Here are 5 things you can do to control YOUR market.
1. Generate leads. Talk to people every day. Have real estate conversations. Can you ask this question? "What are your real estate plans for 2014?" On the phone. In person. Everywhere. How about making a commitment to have at least 3 legitimate real estate conversations a day? A recent Lending Tree survey of single-family, owner-occupied homes stated that 71% of homeowners are thinking of selling this year.
If that's even anywhere close to true, that's a lot of people who are thinking of selling. Seek them out. Talk to them. Having real estate conversations is something you can control.
2. Convert leads to gettable listing appointments. This is done by the process of elimination. Go on the ones where the conditions are right for you to leave with a listing. Keep in touch with the ones where the conditions aren't right yet, and keep in touch until they are. Don't go if your attitude is wrong. If your attitude is, "I need this listing," don't go. If your attitude is, "I'm going over to see if I want this listing," you have the right attitude for get-ability. You control that. If all the decision makers aren't going to be there, and willing to give you enough time, don't go. If they aren't at least thinking of selling, don't go. If they won't tell you in advance either how much they think it's worth, or how much they owe and how much they need, don't go. If you don't have enough information to do a ballpark market analysis in advance, don't go. If you haven't been referred in, or validated in advance, don't go. Those are all factors you can control.
And by the way, if it's a buyer lead, and they have a house that must be sold first before they can buy, don't show houses. They are lookers who should be listers.
3. Present with skill. Here's a Wickman Rule of Thumb: Never talk price until they are sold on you and your company. In other words, you can do the right thing at the wrong time. Before anyone will believe what you have to say about the price of their home, they have to believe you can get the job done. That takes skill. What does it take to develop skill at presenting? Training. A history-proven track to run on. Practice until you are competent, confident and natural. And then do it. Live. In the field. At the kitchen table. You are in control of that.
4. Price it to sell. Most Sellers have an unrealistic idea of the value of their home. They are by and large misinformed or uninformed. But they have hopes. And they have very persuasive reasons why we should accept their price.
"In case we get an offer."
"We want to at least try a higher price for a couple of weeks."
"We need some wiggle room to negotiate."
"That's what the neighbors sold for."
"That's how much we have to net."
We've heard it all, haven't we? But the professional listing agent knows how to get them to agree to base their price on the market, not on their needs. Even if the market is a moving target, use the facts all the co-brokes will use to decide if your listing is worth showing. Use the facts the buyers will use to make an offer. Use the facts the appraisers will use. Use the facts the underwriters will use. If they won't agree to price it to sell, don't take it. Or at least don't take it without agreement in writing to adjust the price when there is no activity.
You can control that.
5. Keep in touch. Keeping in touch begins with asking, "What is your preferred method of communicating?" Or, "May I keep in touch?" There are lots of automated systems, apps and software programs that prompt you to keep in touch with prospects, clients, leads, referrals and pending transactions.
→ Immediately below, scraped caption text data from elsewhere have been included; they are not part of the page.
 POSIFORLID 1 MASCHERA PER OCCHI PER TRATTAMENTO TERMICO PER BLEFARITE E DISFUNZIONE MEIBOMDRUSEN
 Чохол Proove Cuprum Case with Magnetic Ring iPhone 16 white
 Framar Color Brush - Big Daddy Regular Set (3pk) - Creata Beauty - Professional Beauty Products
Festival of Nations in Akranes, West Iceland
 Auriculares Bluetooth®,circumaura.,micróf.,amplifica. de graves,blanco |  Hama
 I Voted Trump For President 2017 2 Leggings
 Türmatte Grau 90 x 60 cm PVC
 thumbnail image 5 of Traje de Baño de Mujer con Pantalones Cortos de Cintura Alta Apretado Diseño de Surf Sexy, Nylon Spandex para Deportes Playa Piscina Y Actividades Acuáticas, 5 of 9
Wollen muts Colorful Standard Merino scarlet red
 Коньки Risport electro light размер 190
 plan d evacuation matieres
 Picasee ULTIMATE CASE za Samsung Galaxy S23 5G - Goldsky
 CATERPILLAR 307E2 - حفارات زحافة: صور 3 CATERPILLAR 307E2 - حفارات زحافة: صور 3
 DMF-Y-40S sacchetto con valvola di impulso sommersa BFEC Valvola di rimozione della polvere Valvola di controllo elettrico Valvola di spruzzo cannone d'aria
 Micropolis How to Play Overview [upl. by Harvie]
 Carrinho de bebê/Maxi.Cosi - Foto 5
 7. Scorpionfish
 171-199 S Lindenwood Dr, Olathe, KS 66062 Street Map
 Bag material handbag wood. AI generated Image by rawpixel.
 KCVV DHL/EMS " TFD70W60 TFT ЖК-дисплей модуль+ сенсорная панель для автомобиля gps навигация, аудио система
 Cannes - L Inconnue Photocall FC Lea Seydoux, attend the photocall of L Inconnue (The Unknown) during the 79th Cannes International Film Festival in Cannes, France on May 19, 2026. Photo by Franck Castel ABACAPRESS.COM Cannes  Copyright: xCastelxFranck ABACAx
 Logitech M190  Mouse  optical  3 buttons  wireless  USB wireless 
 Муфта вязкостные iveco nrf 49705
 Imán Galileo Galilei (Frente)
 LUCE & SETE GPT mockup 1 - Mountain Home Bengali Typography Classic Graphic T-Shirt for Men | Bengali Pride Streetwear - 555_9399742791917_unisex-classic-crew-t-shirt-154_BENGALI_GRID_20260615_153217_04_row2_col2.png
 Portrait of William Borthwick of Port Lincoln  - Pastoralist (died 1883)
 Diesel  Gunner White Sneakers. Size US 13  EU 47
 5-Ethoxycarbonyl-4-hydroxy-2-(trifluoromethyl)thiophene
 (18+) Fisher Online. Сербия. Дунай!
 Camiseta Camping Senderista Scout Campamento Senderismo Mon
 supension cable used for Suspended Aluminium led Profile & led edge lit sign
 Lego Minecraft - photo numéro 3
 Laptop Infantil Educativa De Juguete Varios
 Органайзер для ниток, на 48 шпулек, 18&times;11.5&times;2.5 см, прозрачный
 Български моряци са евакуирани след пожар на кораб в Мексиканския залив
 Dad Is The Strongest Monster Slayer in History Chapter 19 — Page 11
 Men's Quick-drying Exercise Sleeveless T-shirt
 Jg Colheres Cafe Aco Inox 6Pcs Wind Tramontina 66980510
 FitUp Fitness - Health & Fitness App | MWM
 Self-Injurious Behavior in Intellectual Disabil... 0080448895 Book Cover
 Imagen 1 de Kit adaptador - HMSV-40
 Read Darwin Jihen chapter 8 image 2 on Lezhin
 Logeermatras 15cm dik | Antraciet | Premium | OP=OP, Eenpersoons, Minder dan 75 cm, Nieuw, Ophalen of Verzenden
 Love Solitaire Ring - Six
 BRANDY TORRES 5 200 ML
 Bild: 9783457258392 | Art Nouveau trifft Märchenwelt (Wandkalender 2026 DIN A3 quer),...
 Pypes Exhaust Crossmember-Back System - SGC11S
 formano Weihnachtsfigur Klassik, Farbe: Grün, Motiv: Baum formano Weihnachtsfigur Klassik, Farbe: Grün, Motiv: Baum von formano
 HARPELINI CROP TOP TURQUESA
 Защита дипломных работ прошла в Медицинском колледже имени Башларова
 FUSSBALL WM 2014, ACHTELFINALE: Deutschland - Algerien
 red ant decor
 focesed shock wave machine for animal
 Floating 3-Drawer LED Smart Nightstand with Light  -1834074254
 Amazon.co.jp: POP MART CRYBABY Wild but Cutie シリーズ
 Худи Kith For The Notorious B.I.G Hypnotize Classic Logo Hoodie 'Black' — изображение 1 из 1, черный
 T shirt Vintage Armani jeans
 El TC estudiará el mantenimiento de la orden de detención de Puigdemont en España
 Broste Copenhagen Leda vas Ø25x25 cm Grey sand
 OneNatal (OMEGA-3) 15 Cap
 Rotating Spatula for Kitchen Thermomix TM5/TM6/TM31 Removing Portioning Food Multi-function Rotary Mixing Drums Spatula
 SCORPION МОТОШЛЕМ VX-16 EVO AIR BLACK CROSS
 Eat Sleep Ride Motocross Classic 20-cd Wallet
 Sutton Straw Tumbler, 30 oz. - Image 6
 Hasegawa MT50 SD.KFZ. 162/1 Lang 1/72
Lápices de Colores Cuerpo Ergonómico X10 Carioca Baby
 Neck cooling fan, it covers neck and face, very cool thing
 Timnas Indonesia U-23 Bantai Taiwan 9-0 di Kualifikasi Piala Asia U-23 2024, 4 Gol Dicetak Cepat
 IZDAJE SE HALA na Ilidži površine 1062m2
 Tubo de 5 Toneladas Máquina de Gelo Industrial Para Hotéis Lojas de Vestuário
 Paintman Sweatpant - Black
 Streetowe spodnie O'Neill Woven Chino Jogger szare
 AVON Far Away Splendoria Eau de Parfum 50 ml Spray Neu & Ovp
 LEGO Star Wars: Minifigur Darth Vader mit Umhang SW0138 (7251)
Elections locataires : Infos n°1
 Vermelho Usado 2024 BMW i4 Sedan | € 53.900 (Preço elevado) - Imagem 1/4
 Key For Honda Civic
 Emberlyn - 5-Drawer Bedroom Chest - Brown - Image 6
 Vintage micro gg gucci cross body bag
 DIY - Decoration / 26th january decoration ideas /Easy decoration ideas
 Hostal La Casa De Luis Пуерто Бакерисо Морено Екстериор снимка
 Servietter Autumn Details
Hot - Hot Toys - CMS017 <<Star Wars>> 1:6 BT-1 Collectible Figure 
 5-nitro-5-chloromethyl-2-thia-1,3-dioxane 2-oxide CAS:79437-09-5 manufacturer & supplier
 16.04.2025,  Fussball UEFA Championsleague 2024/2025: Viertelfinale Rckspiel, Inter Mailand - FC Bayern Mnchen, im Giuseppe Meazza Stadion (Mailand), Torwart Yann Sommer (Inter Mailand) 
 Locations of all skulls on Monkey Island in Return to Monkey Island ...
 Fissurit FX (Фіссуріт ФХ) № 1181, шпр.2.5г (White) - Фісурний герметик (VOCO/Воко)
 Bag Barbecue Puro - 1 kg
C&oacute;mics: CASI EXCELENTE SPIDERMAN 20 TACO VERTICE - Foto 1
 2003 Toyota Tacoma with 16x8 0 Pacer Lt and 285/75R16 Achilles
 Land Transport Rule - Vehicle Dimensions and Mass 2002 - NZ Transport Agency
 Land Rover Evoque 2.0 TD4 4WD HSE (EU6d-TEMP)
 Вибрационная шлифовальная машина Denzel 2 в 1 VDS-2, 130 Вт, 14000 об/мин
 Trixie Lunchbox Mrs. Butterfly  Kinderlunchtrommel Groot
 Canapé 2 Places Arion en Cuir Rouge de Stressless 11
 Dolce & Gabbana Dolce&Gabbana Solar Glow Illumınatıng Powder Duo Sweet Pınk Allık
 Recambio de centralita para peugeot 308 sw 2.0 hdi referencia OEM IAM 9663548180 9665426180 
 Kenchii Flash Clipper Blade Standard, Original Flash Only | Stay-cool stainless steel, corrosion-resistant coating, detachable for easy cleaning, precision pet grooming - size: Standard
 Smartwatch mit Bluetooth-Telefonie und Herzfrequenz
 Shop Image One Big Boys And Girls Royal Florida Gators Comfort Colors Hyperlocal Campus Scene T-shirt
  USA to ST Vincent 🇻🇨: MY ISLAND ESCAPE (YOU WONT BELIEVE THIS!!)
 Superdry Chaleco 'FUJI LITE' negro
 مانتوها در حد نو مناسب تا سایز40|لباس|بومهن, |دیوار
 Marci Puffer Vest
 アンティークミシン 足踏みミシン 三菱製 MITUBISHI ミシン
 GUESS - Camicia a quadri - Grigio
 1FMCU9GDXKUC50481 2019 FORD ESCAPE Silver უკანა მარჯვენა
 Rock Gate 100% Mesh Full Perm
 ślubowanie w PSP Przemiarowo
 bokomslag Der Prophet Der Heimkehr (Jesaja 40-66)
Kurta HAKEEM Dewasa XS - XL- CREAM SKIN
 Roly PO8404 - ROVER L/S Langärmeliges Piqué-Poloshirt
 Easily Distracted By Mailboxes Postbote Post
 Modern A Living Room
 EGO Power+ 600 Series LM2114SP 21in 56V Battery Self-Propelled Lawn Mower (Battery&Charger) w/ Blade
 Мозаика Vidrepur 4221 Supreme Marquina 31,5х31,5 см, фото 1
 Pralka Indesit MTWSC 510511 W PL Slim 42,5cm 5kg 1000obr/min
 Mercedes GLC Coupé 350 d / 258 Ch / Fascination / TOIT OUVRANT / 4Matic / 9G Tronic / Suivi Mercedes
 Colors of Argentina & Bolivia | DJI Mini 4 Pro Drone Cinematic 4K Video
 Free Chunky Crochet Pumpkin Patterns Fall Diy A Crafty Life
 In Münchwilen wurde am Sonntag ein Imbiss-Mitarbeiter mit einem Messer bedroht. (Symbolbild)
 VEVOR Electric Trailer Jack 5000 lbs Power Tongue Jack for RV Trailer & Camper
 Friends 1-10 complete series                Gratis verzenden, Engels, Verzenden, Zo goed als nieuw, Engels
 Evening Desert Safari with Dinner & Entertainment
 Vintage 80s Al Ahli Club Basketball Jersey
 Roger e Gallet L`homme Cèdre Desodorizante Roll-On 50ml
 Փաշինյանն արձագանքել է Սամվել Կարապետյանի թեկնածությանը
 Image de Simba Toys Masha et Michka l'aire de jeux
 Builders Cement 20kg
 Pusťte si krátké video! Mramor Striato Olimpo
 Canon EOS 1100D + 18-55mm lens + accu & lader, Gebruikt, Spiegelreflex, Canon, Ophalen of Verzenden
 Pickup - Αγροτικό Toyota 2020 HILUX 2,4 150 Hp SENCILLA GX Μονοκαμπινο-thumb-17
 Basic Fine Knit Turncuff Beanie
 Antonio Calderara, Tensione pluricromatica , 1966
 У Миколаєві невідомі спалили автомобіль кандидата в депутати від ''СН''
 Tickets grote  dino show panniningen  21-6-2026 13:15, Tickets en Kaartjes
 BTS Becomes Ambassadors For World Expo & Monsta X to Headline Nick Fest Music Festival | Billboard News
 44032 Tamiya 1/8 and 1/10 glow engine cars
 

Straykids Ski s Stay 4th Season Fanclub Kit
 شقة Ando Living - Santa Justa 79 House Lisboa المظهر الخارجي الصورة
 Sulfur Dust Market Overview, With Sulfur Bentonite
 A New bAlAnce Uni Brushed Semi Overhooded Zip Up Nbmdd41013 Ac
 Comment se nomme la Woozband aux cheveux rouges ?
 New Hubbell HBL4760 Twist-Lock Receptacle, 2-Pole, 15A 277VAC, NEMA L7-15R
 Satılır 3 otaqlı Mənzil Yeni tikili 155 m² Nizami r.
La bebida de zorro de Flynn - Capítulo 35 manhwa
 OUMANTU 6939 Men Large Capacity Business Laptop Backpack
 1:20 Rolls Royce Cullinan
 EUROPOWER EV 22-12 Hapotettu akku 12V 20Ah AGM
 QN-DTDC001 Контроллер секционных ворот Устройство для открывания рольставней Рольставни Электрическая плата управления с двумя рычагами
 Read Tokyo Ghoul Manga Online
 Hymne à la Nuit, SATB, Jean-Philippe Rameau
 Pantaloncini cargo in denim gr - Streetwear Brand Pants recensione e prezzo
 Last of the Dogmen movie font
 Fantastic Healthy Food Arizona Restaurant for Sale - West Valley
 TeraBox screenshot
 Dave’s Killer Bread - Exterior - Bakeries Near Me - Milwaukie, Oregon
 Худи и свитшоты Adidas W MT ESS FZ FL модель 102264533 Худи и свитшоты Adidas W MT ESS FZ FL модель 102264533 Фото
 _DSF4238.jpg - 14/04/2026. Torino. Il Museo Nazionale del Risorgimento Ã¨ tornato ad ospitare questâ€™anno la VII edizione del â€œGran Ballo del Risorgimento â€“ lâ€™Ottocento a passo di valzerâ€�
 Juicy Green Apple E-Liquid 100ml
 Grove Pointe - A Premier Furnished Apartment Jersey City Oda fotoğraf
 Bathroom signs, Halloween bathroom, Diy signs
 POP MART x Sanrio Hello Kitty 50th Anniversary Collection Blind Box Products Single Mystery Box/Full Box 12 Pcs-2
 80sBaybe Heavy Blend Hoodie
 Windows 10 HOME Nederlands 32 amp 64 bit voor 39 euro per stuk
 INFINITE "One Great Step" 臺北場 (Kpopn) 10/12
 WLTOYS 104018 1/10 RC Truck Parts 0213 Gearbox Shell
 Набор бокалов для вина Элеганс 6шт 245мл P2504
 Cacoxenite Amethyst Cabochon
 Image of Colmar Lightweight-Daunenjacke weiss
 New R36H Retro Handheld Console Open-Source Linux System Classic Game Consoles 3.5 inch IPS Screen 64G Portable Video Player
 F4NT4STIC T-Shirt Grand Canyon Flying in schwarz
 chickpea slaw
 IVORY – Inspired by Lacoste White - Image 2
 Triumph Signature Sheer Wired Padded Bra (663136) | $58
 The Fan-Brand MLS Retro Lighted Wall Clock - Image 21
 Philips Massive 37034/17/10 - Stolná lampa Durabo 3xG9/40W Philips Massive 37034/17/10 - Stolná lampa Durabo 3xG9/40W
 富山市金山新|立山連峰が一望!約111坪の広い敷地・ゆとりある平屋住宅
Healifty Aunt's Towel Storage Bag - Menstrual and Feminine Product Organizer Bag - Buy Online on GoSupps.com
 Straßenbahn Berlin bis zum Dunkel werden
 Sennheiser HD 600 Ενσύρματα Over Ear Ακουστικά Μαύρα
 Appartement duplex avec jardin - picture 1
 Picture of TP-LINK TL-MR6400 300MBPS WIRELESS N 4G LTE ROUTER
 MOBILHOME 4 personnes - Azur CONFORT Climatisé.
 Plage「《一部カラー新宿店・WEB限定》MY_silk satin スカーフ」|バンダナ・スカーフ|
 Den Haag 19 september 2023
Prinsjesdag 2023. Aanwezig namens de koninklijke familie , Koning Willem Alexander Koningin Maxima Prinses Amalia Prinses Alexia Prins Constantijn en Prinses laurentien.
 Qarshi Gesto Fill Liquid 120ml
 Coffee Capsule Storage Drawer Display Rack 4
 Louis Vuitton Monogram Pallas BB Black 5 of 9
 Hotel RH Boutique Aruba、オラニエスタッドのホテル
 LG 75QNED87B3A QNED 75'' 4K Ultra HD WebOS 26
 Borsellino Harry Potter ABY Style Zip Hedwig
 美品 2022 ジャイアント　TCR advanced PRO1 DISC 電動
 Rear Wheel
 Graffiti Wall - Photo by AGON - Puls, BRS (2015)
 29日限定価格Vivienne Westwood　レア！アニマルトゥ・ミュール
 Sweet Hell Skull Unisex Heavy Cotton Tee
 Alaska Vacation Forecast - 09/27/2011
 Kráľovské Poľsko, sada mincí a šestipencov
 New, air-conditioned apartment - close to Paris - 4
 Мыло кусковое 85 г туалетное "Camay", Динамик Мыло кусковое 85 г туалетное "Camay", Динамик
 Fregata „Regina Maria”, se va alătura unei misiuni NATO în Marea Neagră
Find the follow up system that works for you and work it. If you find yourself losing business by not keeping in touch, use Floyd's 1-31 prospect follow up system. You don't have to be high-tech to master it. It is easy to learn, simple to operate and it creates the follow up habit quicker than any app I've ever seen.
If you are asking yourself, "What is Floyd's 1-31 prospect follow up system?" all you have to do is ask an agent who has already been ‘Wickmanized' and I guarantee they will gladly take the time to share.
Don't worry about keeping that moving target in your sights. Do the 5 things you can control, and your market will be everything you want it to be.